__Description of the task__. Please print every record exactly as it stands, leaving out the pictures.

--- Records ---

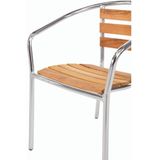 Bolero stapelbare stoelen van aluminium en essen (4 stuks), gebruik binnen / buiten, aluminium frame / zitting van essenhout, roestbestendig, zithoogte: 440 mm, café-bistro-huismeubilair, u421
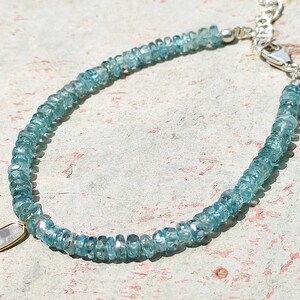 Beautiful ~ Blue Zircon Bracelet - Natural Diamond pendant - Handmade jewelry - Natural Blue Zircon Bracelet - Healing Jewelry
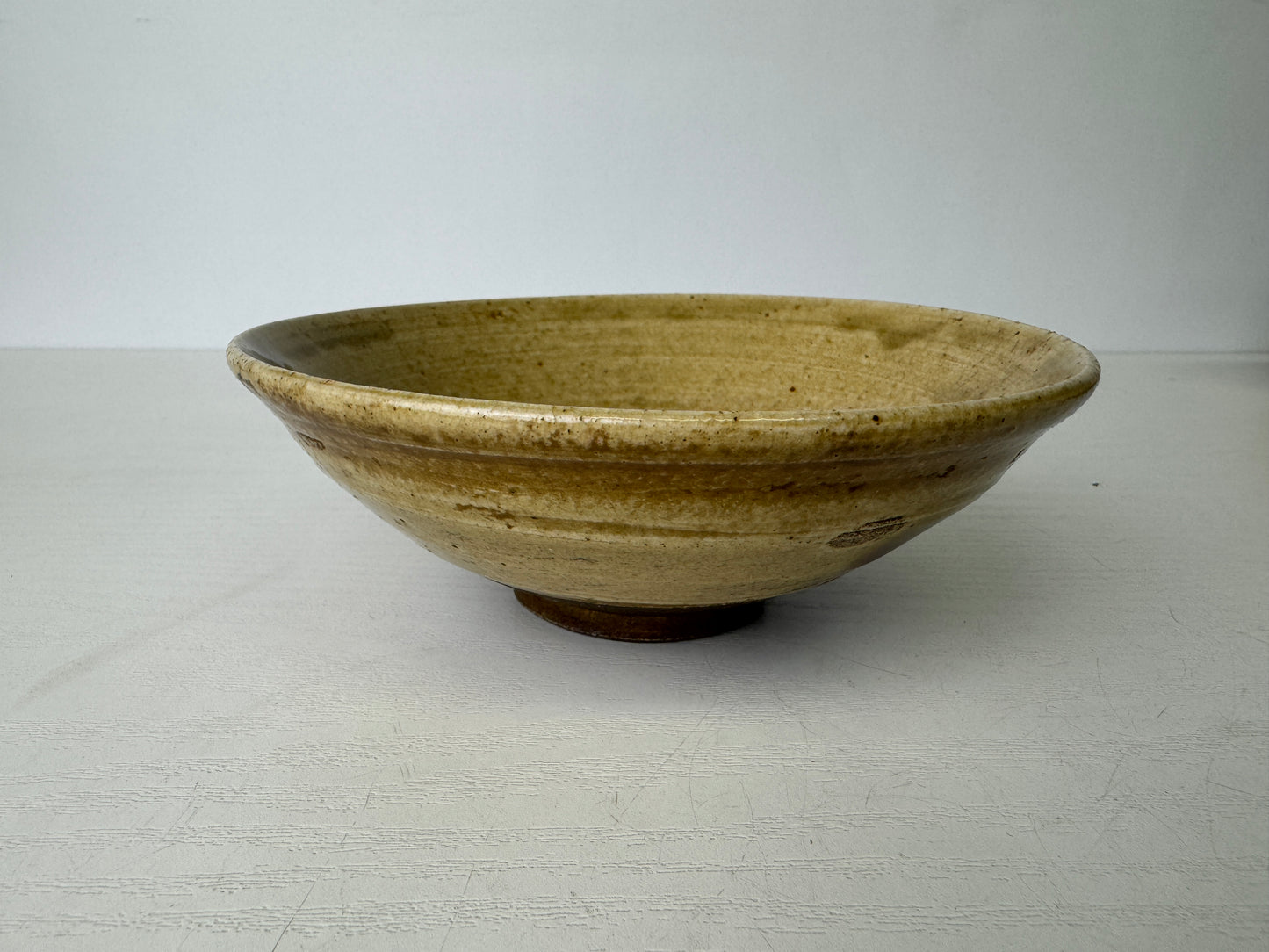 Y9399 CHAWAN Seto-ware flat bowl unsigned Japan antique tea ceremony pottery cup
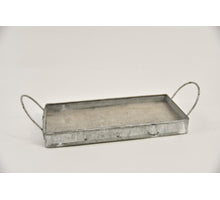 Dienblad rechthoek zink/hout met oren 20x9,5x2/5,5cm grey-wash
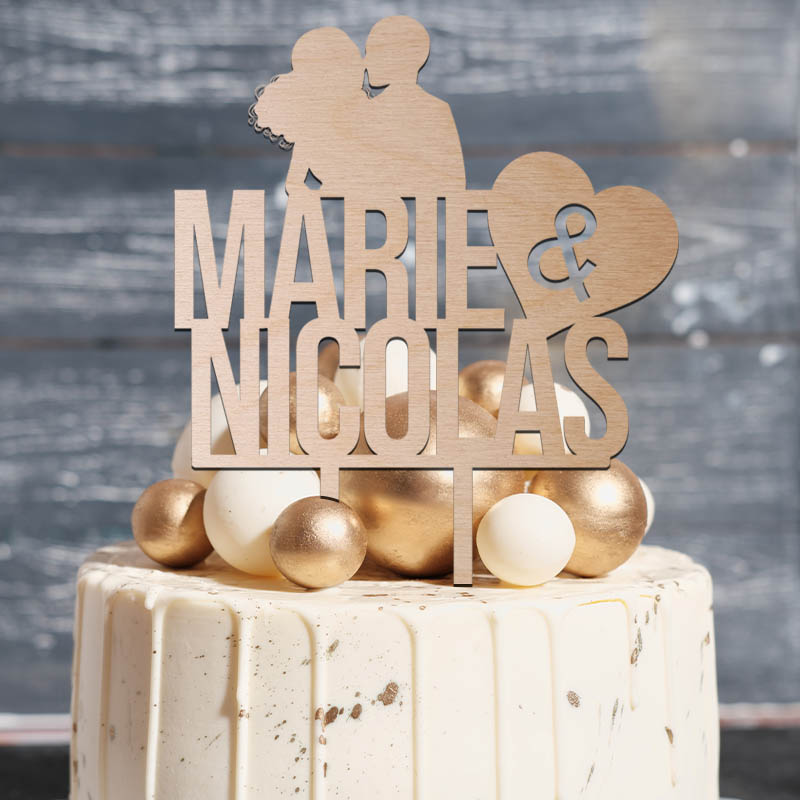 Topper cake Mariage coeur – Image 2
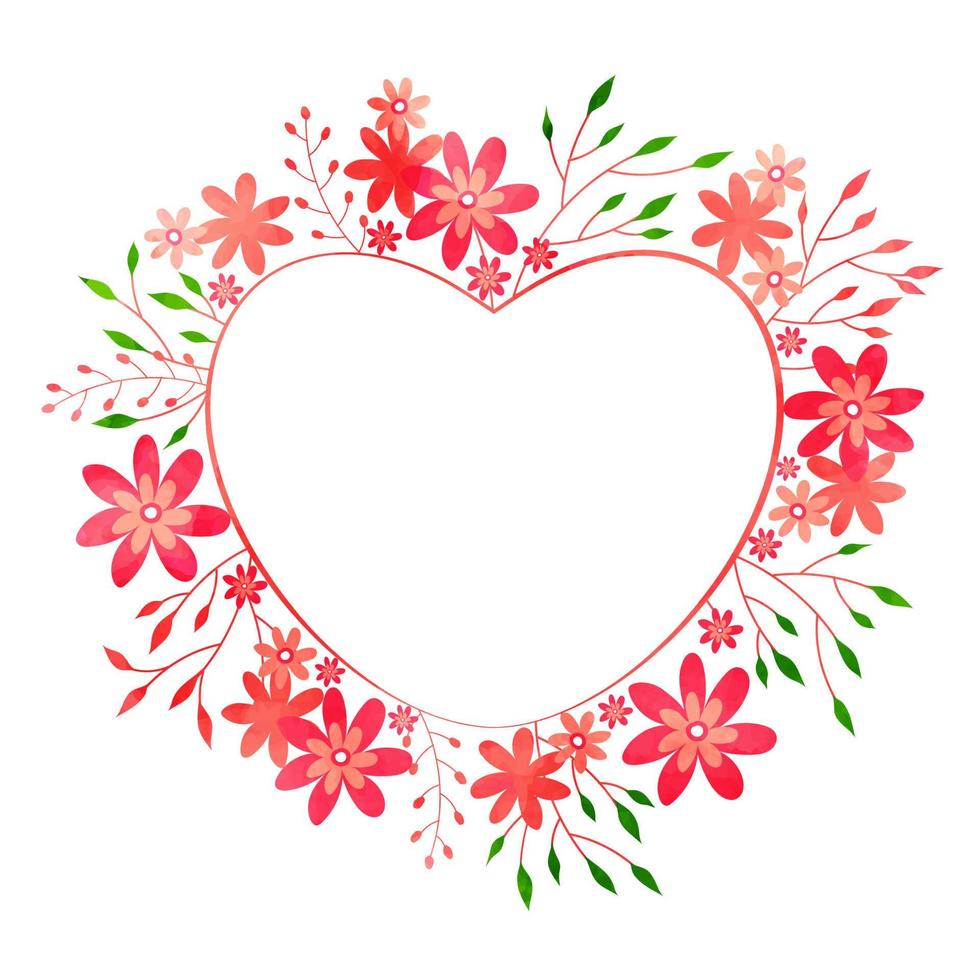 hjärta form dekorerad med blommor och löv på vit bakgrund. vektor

---

__Answer section__.
 Bolero stapelbare stoelen van aluminium en essen (4 stuks), gebruik binnen / buiten, aluminium frame / zitting van essenhout, roestbestendig, zithoogte: 440 mm, café-bistro-huismeubilair, u421
 Beautiful ~ Blue Zircon Bracelet - Natural Diamond pendant - Handmade jewelry - Natural Blue Zircon Bracelet - Healing Jewelry
 Y9399 CHAWAN Seto-ware flat bowl unsigned Japan antique tea ceremony pottery cup
 Dienblad rechthoek zink/hout met oren 20x9,5x2/5,5cm grey-wash
 Topper cake Mariage coeur – Image 2
 hjärta form dekorerad med blommor och löv på vit bakgrund. vektor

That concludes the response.